/Regression-Motreal-TV

Regression for predicting market shared of TV Channels

Primary LanguageJupyter Notebook

Montreal Local TV Channels

The implementation is about predicting market-share about some some episodes in Montreal Local TV Channels between 2016-2019

Dataset

These data belong to the Montreal Local TV channels, which contains several features including: Name of episode, data, time, etc.
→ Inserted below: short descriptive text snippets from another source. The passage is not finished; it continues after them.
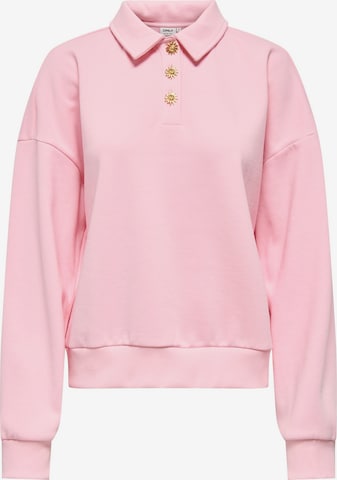 Sweat-shirt 'ONLAgnes' ONLY en rose : devant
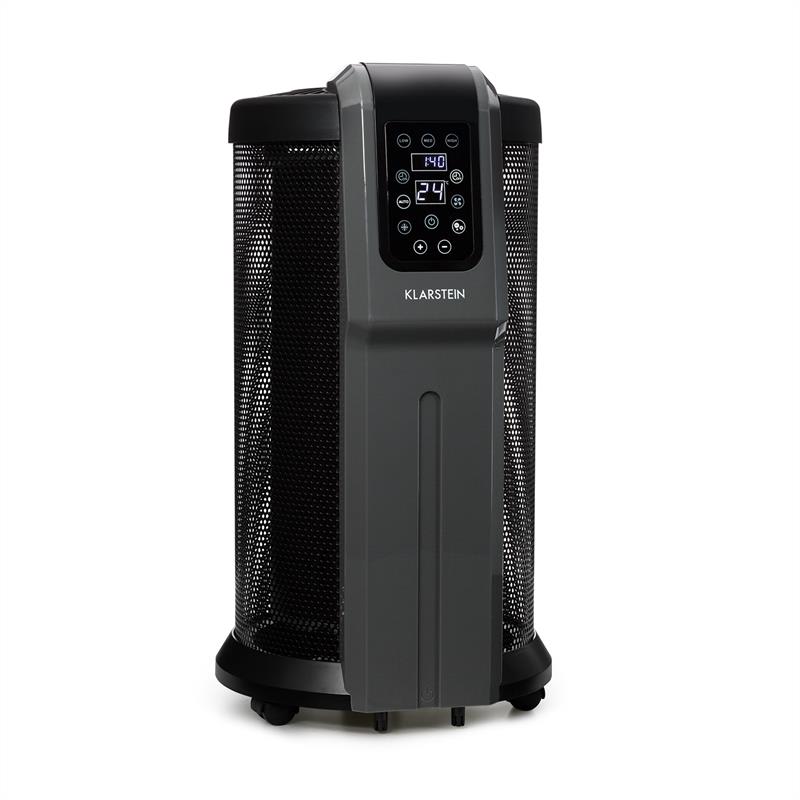 Klarstein Datscha Digital, elektrický ohrievač, 360°, termostat, diaľkový ovládač, časovač, 2200 W, čierny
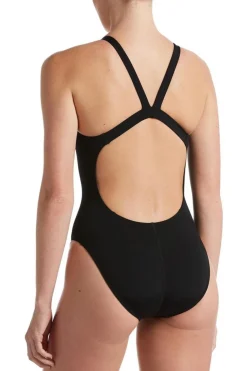 Best Nike Swim Badpak Hydrastrong Solid Fastback One Piece Black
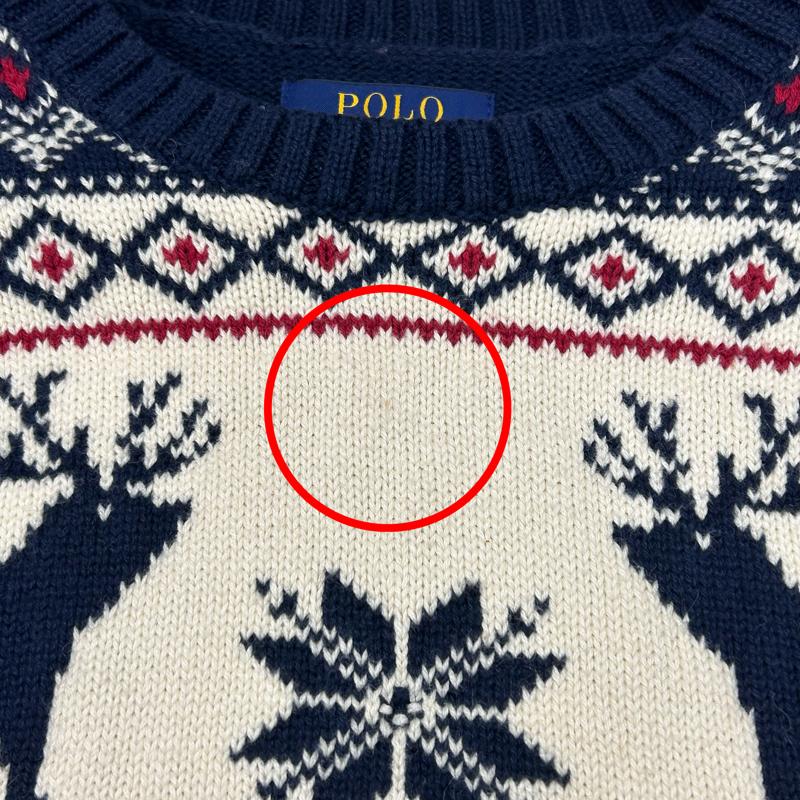 ポロラルフローレン ノルディック柄 スノーフレーク 鹿 バンビ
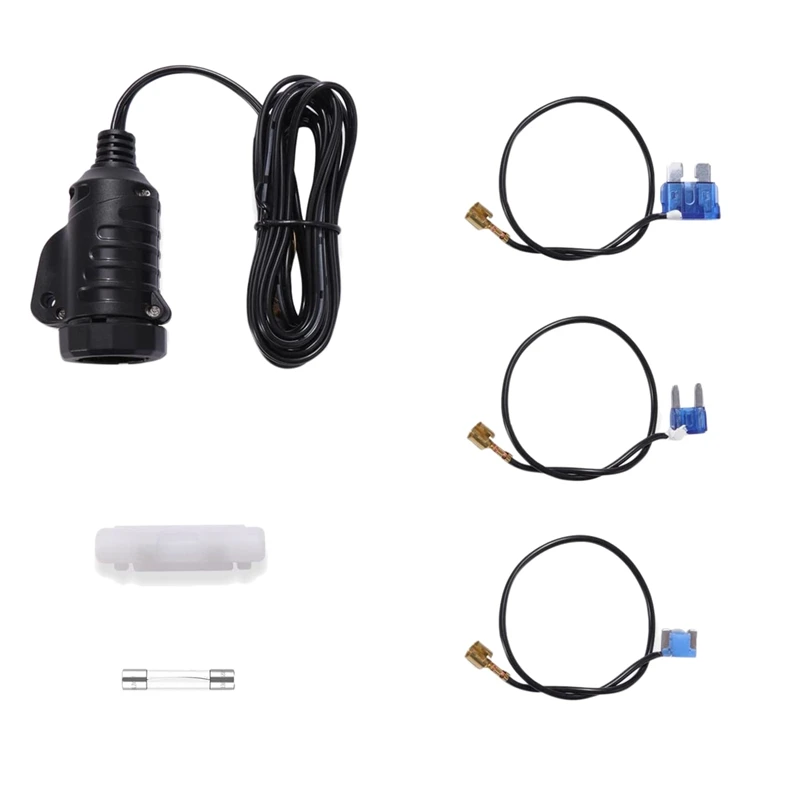 

Удлинительный шнур питания постоянного тока 12-24 В для обоих предохранителей тип питания Удлинительный шнур Автомобильный кронштейн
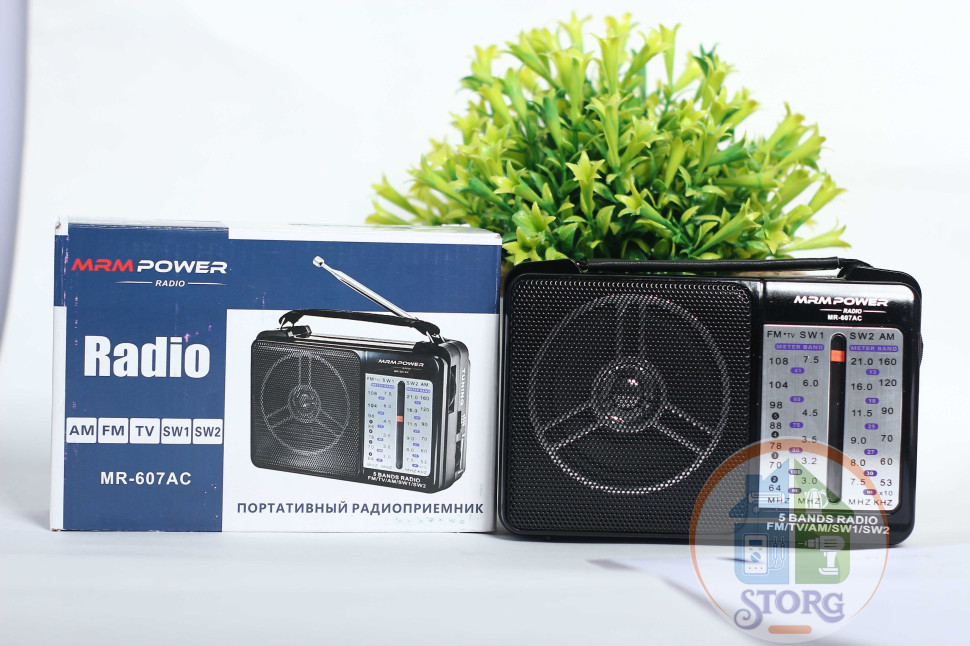 Радиоприемник MRM-POWER GOLONE MR-607AC, 160х100х60 мм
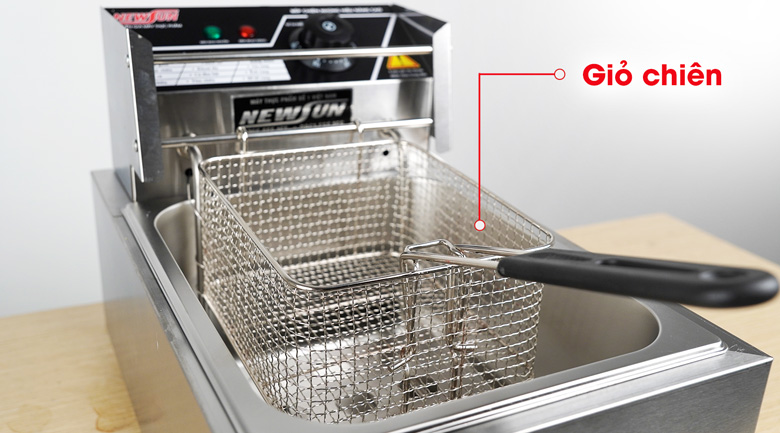 Giỏ chiên là từ inox cao cấp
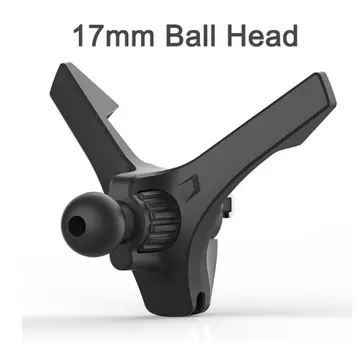 Обновление автомобильного держателя телефона, зажимы 17 мм с шаровой головкой, автомобильный зажим для вентиляционного отверстия, крепление для автомобильного воздуховыпускного отверстия, крючок для магнита, поддержка мобильного телефона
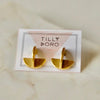 earrings - eclipse stud - 24k gold plate by tilly doro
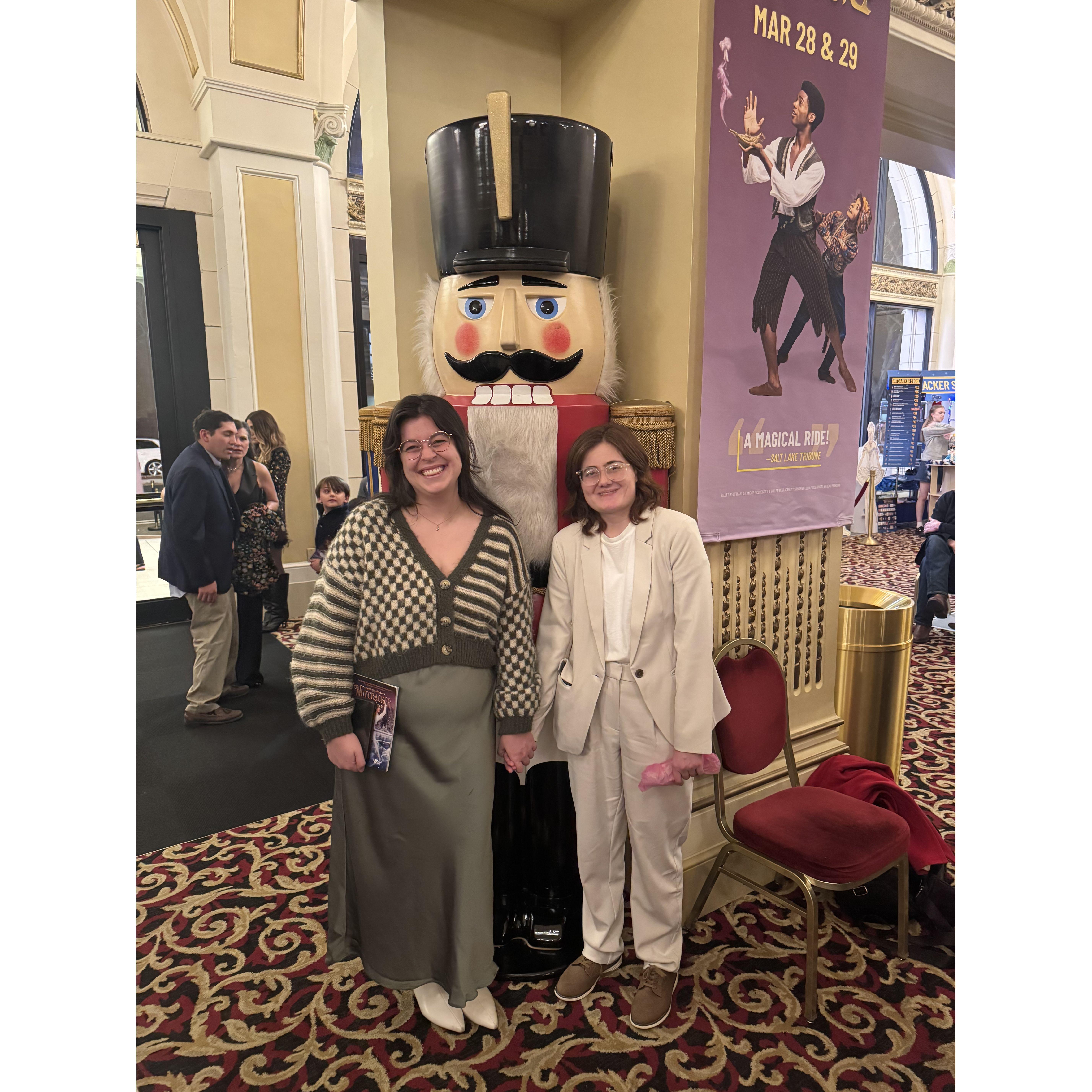 Juniper's first Nutcracker!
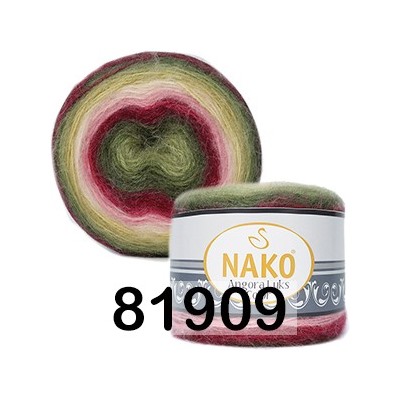 Пряжа Nako Angora Luks Color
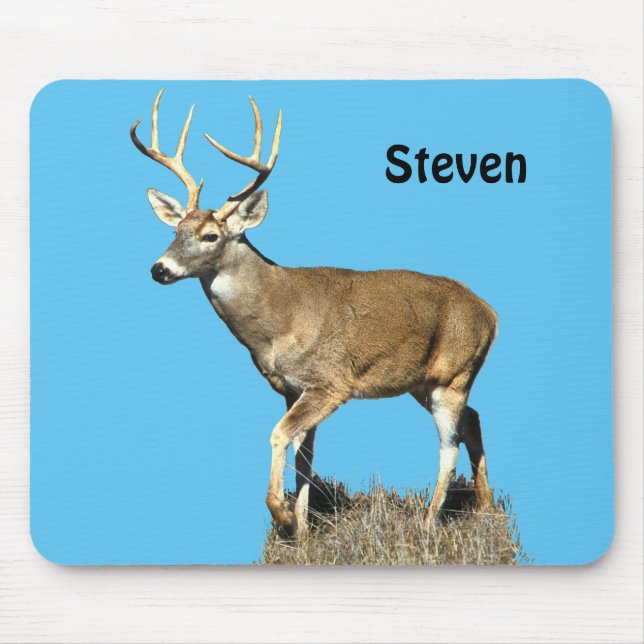 White Tailed Deer Buck Mouse Pad (Front)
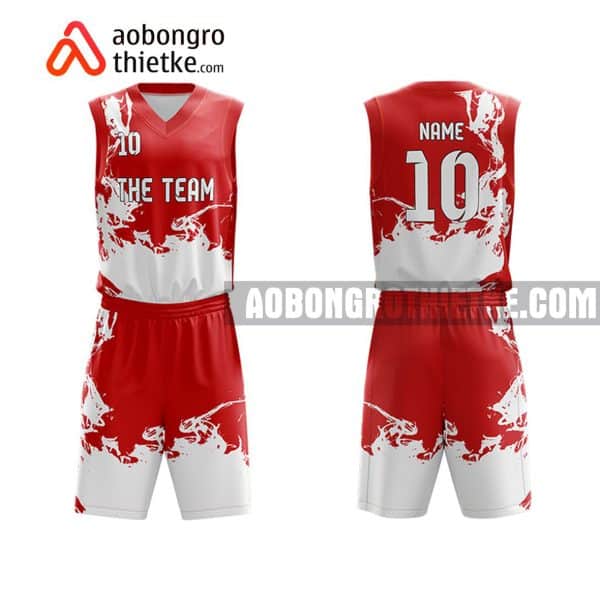 Mẫu quần áo bóng rổ THPT Chuyên Quang Trung màu đỏ hot nhất ABR727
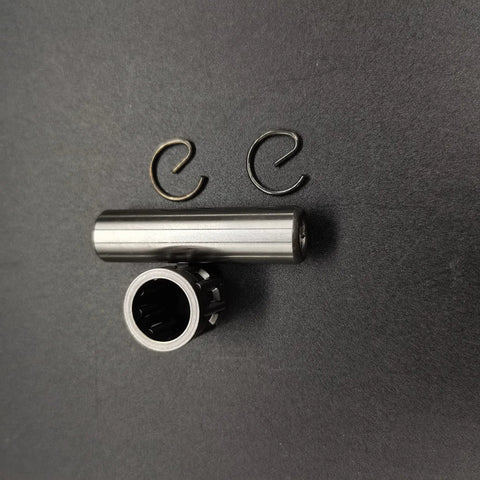 Piston Pin Kit With Clips And Needle Bearing For 66cc And 80cc 2 Stroke Gas Powered Bikes Durable PK80 Ride Ready Upgrade Kit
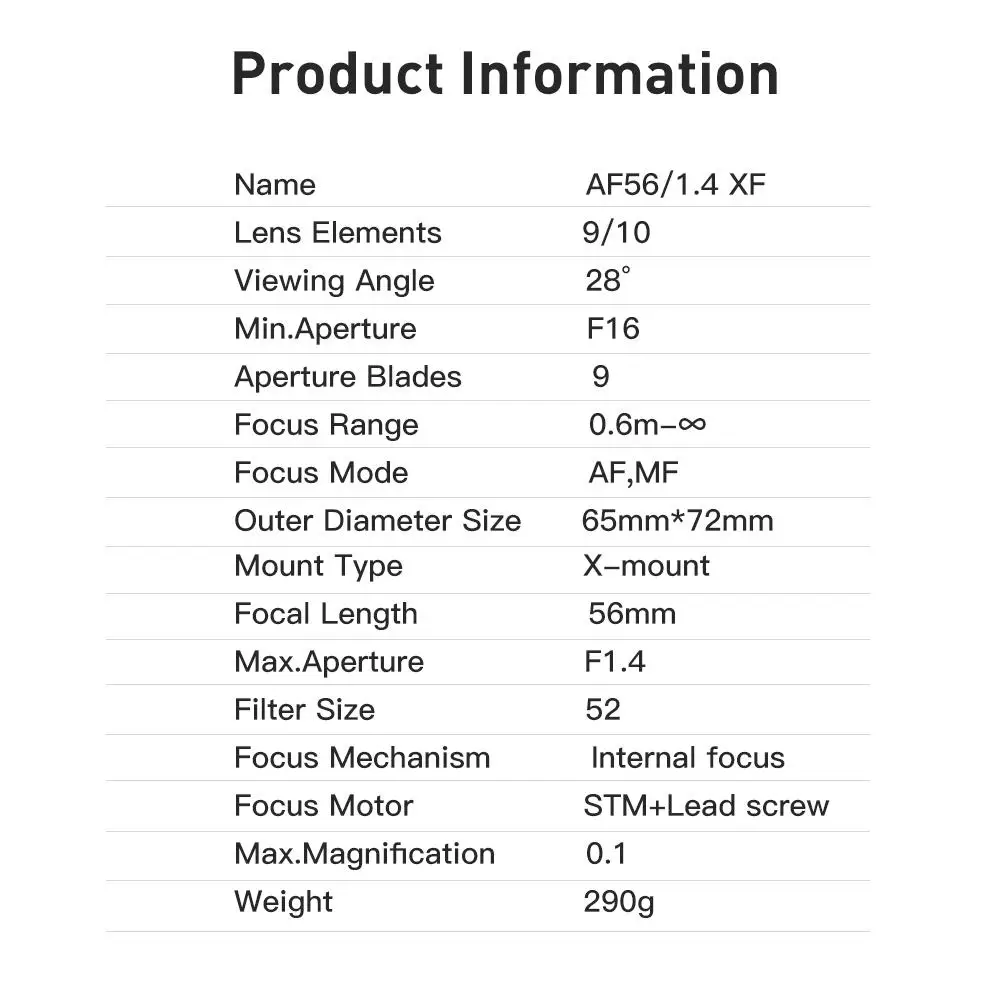 Viltrox 56mm F1.4 for Fujifilm X-mount Cameras
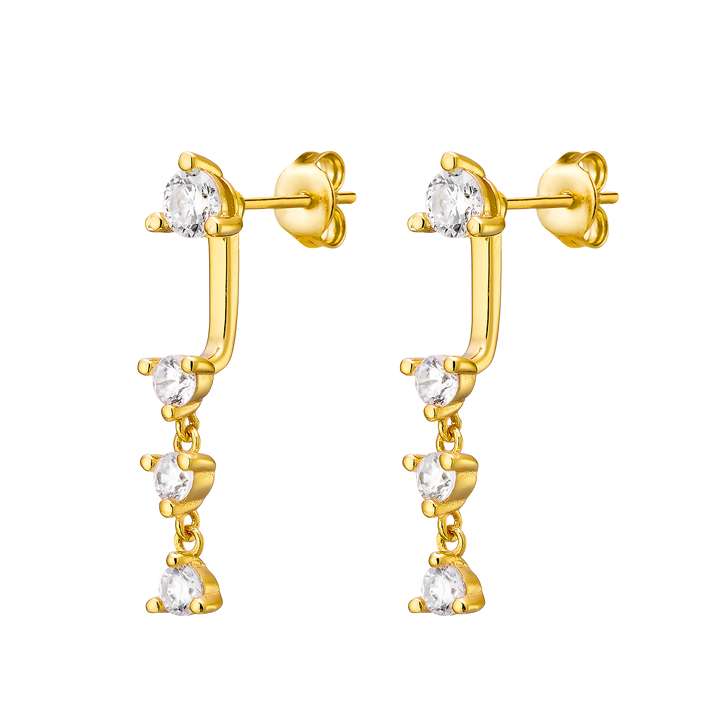 Elevate 14k Gold Vermeil Cubic Zirconia Drop Ear Jacket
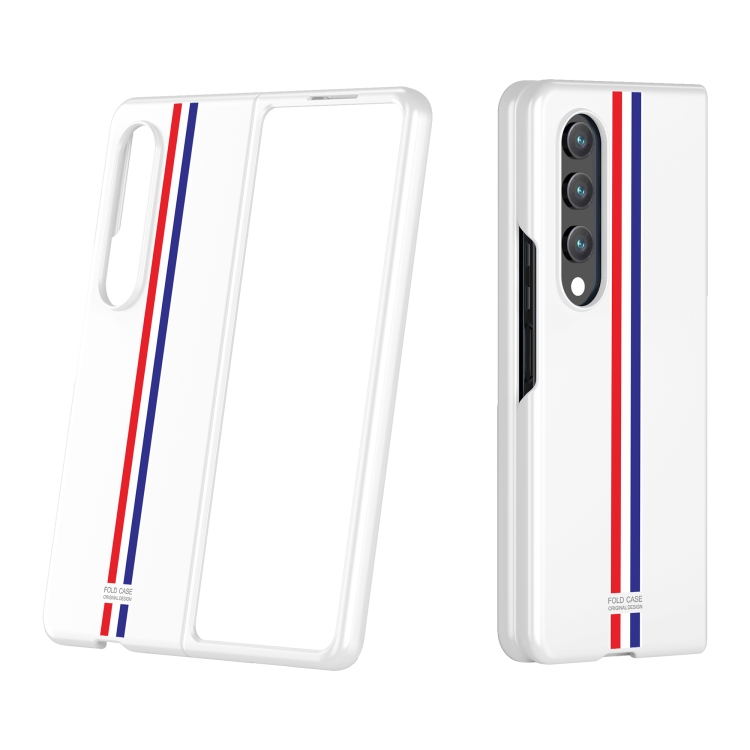 

For Samsung Galaxy Z Fold4 Skin Feel Painted Frosted Phone Case(White Color Bar)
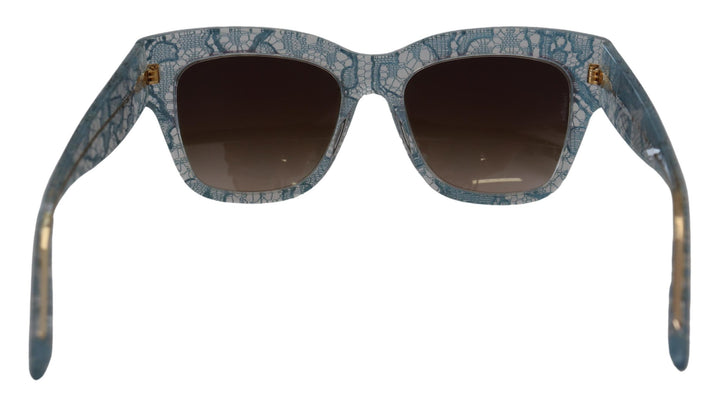 Dolce & Gabbana Blue Lace Acetate Crystal Butterfly DG4231 Sunglasses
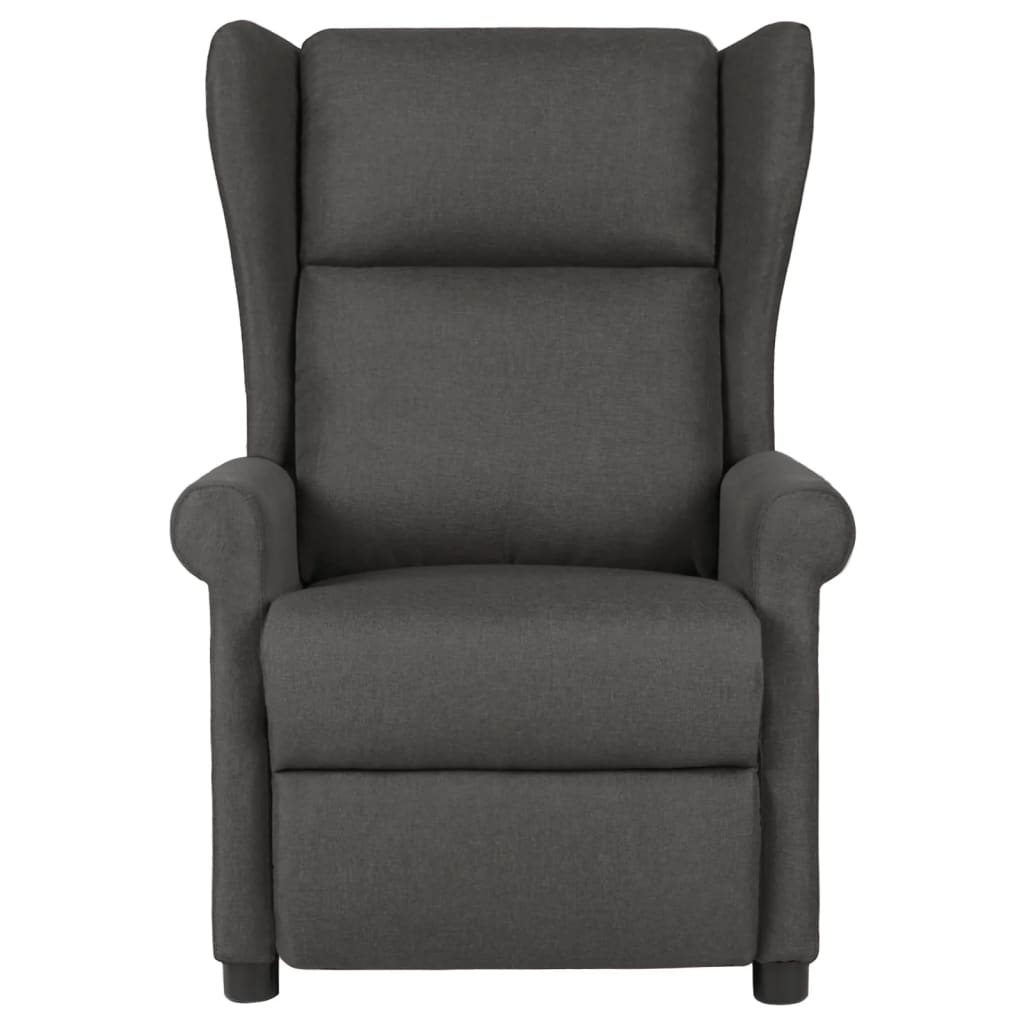 vidaXL Sillón reclinable de tela gris oscuro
Dataset has around 12 feature columns and about 600k samples.

Libs Used

Pandas: Used for data manipulation

Numpy: Powerful library for numerical computation

Matplotlib: Useful in plotting and data visualisation

Scikit-learn: Powerful library with implementation most of the machine learning library and performance metric

joblib: for saving the trained model.

Files

Montreal_TV.py: A python script for model training, saving the model and generate prediction.csv

Montreal_TV.ipynb: A jupyter notebook with additional data visualization and analysis.

Model

Random Forest Regressor: After testing several models including: SGDRegressor, Lasso, Decision Tree, Random Forest it is found that RF is best suitable for this task.

Result

Metrics were MAE and R-Squared.

Metric Train Test
R-Squared 0.91 0.88
MAE 0.96 1.05

Further Plans

1-Scikit-learn pipelining: by using Scikit-learn pipelining, data cleanning can be done better and code readability enhances.

2-Apache Spark Distributed Tools: by using apache spark speed of the training phase may be increased by help of distributed processing.